Сама идея состоит в том, что принести как можно больше разрушений, задавить людей, задавить их мысли, задавить военных. Вот стоит дом, у него верхняя балка держится и третий этаж тоже стеночка с балочкой – все, между ними ничего нет. Девять этажей все сложены, все плиты лежат на первом этаже. Как это? Кто там был? Что там в доме могло быть такого, что его нужно было так разобрать, сложить и расстрелять?

- А вы проходили фильтрационный лагерь?

- Проходили. Нас 1 мая вывели, вышли к автобусу, посадили, должны были ехать в поселок Безыменное. Дождались еще два автобуса, загрузились около 70 человек. Приехали туда, нам сказали ждите, сейчас будет разбирательство. Мурыжили, мурыжили, в туалет только в сопровождении военного. Потом отводили на допросы. Мужчины отдельно, а женщины отдельно. Меня завели, приказали выворачивать все карманы, показывать все, телефон отдать. Проверили телефон, фотографии, звонки, кто кому, ноутбук запустили, пошарились в нем.

Начали допрос вести: где вы сидели, сколько было человек, где военные сидят, какая у них есть техника, что вы о них знаете, позывные, знаете ли кого-то из прокураторы, полиции, кого-то еще из госучреждений. Раздели до нижнего белья. Посмотрели, покрутили меня. Я с женой разговаривал – их раздели до нижнего белья, лифчики снимали, в трусы заглядывали. До такой степени это все было унижение, все вещи перешерстили.

Сняли отпечатки пальцев, ладоней, фотографии сделали. Четыре раза по кругу всех крутили. Вот это все длилось, наверное, часа полтора.

С нами было две девочки: одной 22 года, а другой 15 лет. Вот эта девушка, которой 22 года, – работник полиции. В 9 вечера пришли и ее забрали. Попозже, когда мы выходили, спросили ее, что и как. Она в слезах, говорит: "У меня выявили удостоверение участника боевых действий". Хотя ничего такого у нее не было. Затем ее забрали в каком-то неизвестном направлении. Там мы ее больше и не увидели.

Нас в 10 часов вчера расселили в палаточном городке, накормили, и мы легли спать. В 6 утра колонна Красного креста и ООН сформировалась для оправки в Запорожье. Всего приехало 50 автобусов. Их них было полностью загружено только 3 автобуса.

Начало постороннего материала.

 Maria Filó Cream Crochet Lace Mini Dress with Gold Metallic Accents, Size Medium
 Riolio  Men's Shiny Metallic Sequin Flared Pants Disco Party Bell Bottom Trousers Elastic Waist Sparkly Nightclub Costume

- Они не пропускали людей?

- Это те люди, которые успели туда добраться. Первая партия вышла 30 апреля, а вторая партия 1 мая. Еще около 100 человек подобрали по дороге. Не все поехали в Запорожье, часть решила остаться в «ДНР», поехать в Россию.

- А сколько в "ДНР" осталось?

- Я знаю точно, что человек 8, тех, которых я видел – несколько семей, которые не захотели в Украину. С мужчиной разговаривал, говорит, что у него родственники где-то в России, к ним поедет. Это было личное дело каждого. Сказать, чтобы они руки выворачивали, чтобы мы ехали в Россию – такого не было. Но, я так понимаю, это потому, что, у нас в каждой палатке, на каждом этапе контролировало ООН.

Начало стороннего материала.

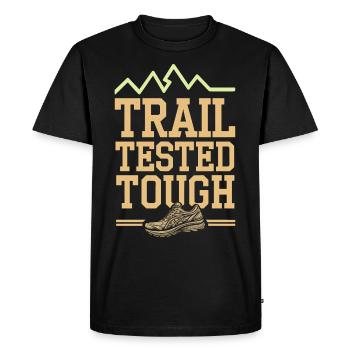 Running trails for trail running enthusiasts - Men's Premium Organic T-Shirt - black - Front - Nico (187cm)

К слову, через Мариуполь русские не выпускают автобусы для того, чтобы не драконить людей, которые хотят оттуда выехать.

- То есть, они еще не дают людям даже выехать, которые там хотят?

- Не дают. У меня сестра до сих пор еще там. Она уже три недели пытается оттуда выбраться. И уже очень долго многие не могут выехать. Русским нужны сейчас люди, которые будут там работать, разбирать завалы, убирать трупы. Плюс, я думаю, что их руководство понимает, что рано или поздно Мариуполь придем освобождать. Им нужен живой щит, кем можно прикрыться и т.д.

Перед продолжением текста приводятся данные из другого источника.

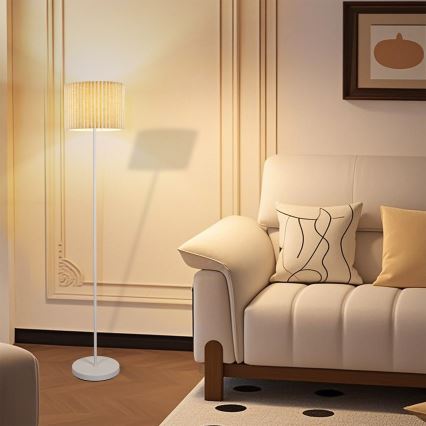 Brilagi - Grindinė lempa NORDIC WAVE 1xE27/15W/230V lino/balta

- Что люди говорят вообще о русских? Зачем это все?

- Ситуация такая, что людям в Мариуполе очень тяжело, ведь они лишены информации. Тем, которые там находятся, говорят: Мариуполь будет русский, уже Киев с Москвой договорились. Запорожье уже вот-вот возьмут. Харьков и Днепр уже взяли. Они рассказывают, что Россия побеждает по всем фронтам, и вам там ловить нечего. И вы не рыпайтесь, живите здесь спокойно.

Я людям, с кем получается, рассказываю, что нет такого, вам врут. Появился информационный вакуум, ведь связь пропала еще в начале марта, и даже украинское радио не ловит, вышки разрушены. Зато с начала марта стало ловить радио ДНР.

В оккупации люди падают духом. С теми, кто выехал в Запорожье общаемся: если раньше они были ни то, ни се, то сейчас понимают, что к нам пришел агрессор. У них меняется мышление. И это радует. Нация начинает формироваться и придерживаться одного мнения.